The difference in study costs in the hypothetical drug example and the selected dihydroartemisinin example is mainly due to the number of samples to be analysed. There is only a small difference in hospitalisation costs as all samples were drawn on the same day (1,000 units for a dense sample study design and 750 units for a sparse sampled study design). However, the hospitalisation costs would have a larger influence on pharmacokinetic study costs when assessing drugs with a long elimination half-life where multiple hospital visits are required for a dense study design compared to fewer hospital visits for a sparse study design.
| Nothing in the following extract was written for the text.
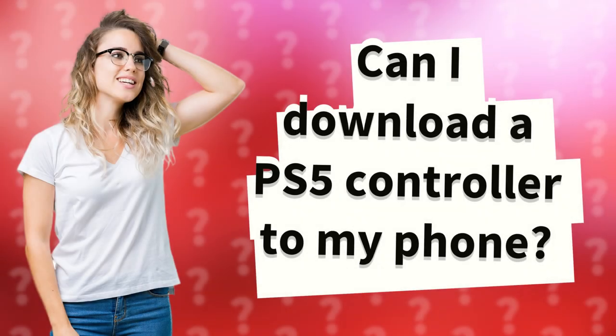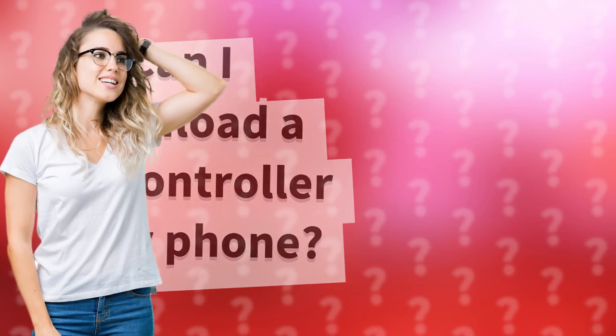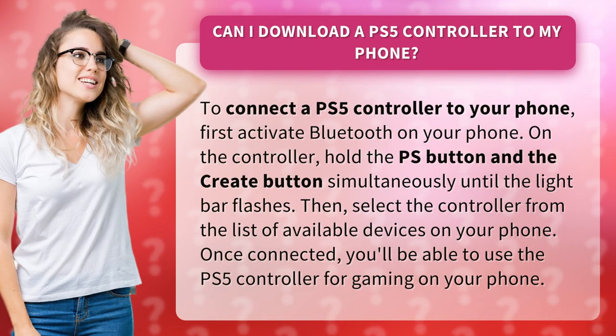Can I download a PS5 controller to my phone? To connect a PS5 controller to your phone, first activate Bluetooth on your phone.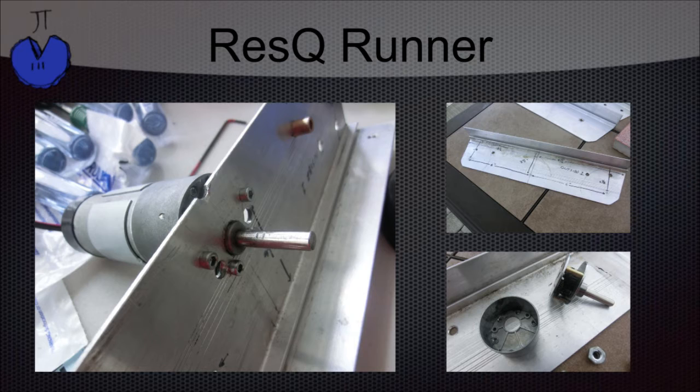Once we finished cutting and measuring the side panels, we then decided to mount the motors. When mounting the motors, we decided to face mount them because we're used to doing this — it's how we did it on our other robots. We also did this because of size constraints and simplicity.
An alternative approach to compute the overall precision of a model and a certain design is to use the D-criterion (normalised determinant of the observed Fisher information matrix) (13). This enables a comparison of a single measurement value of model precision (D-criterion), from different study designs, to the costs for these designs. However, the applied approach in this research enables the possibility of weighting certain parameters of interest (e.g. elimination clearance in case one is less interested in, for example, the absorption phase).

Performing the power calculations and the evaluation of the financial costs of the different study designs can be computationally intensive when complex models and large sample sizes are being evaluated. Nevertheless, the potential cost savings and prevention of doing an under-powered study, by using the studied simulation-based power calculations method, are worth the computational time and cost.

CONCLUSION

The simulation-based power calculation methodology, based on the Monte Carlo Mapped Power method, enables the successful evaluation of mixed (part sparsely and part densely sampled) study designs. A workflow which guides an easy and straightforward pharmacokinetic study design considering the cost-efficacy of the study was effectively used. This shows that prior knowledge and the evaluated sample size calculation method can contribute significantly the design of a robust and efficient pharmacokinetic study design.